Die Renaissance prägte aber auch den Begriff der „Utopia“, den es, so griechisch er auch klingt, im Griechischen noch gar nicht gibt. Man sah damals ein, daß das Ideal „keinen Ort“ (so der Begriff) besaß, es sei denn in der Kunst. Die Unterscheidung von Kunst und Technik wurde im Zeitalter der Aufklärung endgültig, und künftig standen zwei Begriffe mit gegensätzlichem Inhalt nebeneinander. Seit der Romantik übernahm die Kunst am liebsten die Rolle, die Natur zu verklären und die technische Welt zu verleugnen. Die Synthese, welche die Moderne noch einmal erhoffte, war ein kurzlebiger Versuch. Die Kunst war seither vor die Wahl gestellt, sich positiv oder negativ zur technischen Welt zu verhalten. Auch diese Rolle steht inzwischen infrage, wenn sich Kunst nur noch in den Bahnen heutiger Medien bewegt, womit sie selber zu einer Spielart der Technik wird.
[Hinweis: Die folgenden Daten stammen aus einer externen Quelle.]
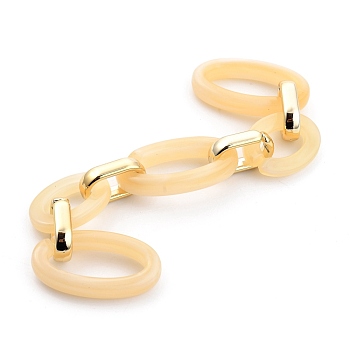Handmade Quick Link Chains, with Transparent Acrylic Linking Rings and CCB Plastic Linking Rings, Wheat, 3-7/8 inch(10cm)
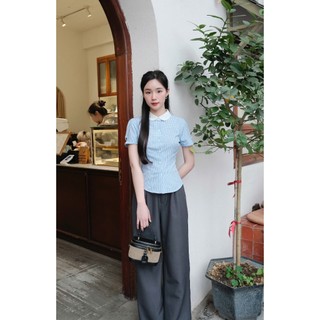 Áo sơ mi caro nữ chất poplin, cổ sen dáng ôm nhẹ tôn dáng nhẹ nhàng thanh lịch - Mio Lady AO008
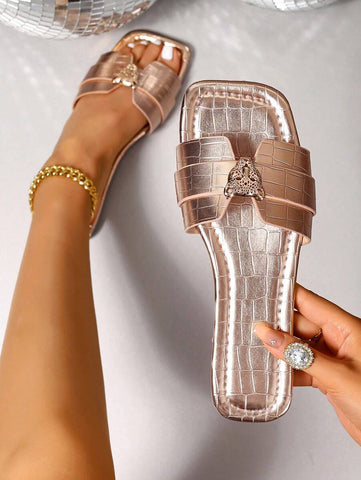 Sandálias Planas Estilo Coreano Para Mulheres, Chinelos De Praia De Verão Com Dedo Aberto, Novas Sandálias Romanas De Tricô De Outono, Sapatos Femininos Elegantes Para Saias, Praia Ou Férias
Die Malerin Ursula Laquay-IHM, die übrigens bei einem Zögling des Bauhauses, Herbert Hirche, einmal Architektur und Möbeldesign studiert hat, schlägt seit langem einen sehr persönlichen Weg zu diesem großen Thema ein. Sie versteht Formen als Funktionen ganz im Sinne der strengen Devise, daß „die Form der Funktion folgt“ , wie es in der Ära Le Corbusiers hieß. Deshalb erfindet sie auch keine Motive, sondern sucht sie im Lebensraum des Menschen überall dort, wo Gestaltung eine Funktion hat oder haben sollte.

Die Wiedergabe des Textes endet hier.